Data shown Start Marker

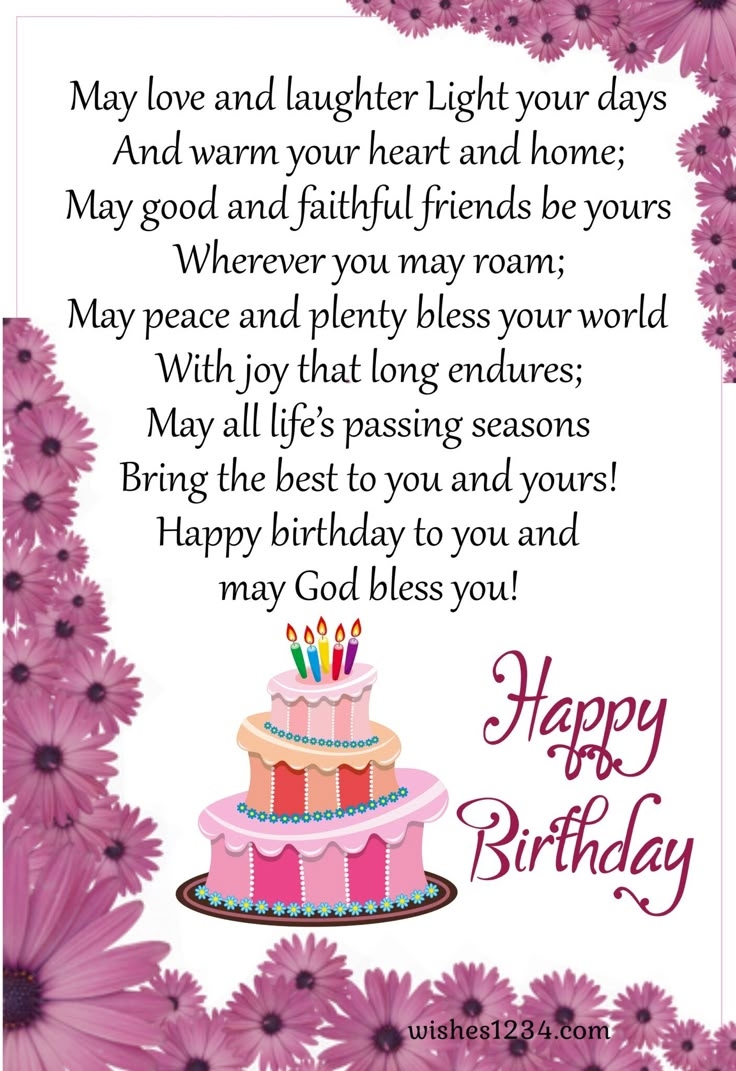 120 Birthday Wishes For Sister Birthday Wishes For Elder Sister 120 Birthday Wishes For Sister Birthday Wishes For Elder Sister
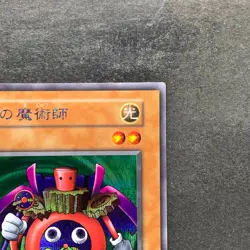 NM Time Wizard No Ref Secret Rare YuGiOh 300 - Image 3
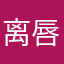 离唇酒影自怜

Data shown End Marker

Aim of the task: Each line of the data needs to be output exactly, with any image excluded.

Answer space:
 120 Birthday Wishes For Sister Birthday Wishes For Elder Sister 120 Birthday Wishes For Sister Birthday Wishes For Elder Sister
 NM Time Wizard No Ref Secret Rare YuGiOh 300 - Image 3
 离唇酒影自怜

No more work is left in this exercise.